(Short text fragments from websites)

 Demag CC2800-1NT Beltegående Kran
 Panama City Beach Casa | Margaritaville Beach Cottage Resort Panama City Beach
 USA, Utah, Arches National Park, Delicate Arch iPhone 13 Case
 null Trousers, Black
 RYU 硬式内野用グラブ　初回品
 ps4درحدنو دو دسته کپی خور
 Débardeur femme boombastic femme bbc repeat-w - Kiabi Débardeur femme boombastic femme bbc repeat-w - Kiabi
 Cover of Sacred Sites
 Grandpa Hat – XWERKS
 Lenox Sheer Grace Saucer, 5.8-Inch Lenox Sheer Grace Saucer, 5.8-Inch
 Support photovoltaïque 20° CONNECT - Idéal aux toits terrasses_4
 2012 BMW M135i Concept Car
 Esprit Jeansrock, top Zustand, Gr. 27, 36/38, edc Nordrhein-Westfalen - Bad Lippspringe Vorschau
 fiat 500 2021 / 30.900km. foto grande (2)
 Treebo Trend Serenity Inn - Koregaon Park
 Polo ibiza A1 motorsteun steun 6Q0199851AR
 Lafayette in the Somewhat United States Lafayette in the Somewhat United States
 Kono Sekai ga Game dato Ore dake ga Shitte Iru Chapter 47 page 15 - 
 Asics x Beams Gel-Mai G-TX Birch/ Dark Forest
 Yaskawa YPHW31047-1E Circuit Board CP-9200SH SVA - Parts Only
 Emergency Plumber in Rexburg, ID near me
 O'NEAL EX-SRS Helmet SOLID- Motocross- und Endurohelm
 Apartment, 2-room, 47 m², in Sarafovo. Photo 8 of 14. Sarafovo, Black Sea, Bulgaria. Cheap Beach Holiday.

◆ ASSIGNMENT
Using the data above, return each line that includes the word "Beach".

◆ EXERCISE RESULT
 Panama City Beach Casa | Margaritaville Beach Cottage Resort Panama City Beach
 Apartment, 2-room, 47 m², in Sarafovo. Photo 8 of 14. Sarafovo, Black Sea, Bulgaria. Cheap Beach Holiday.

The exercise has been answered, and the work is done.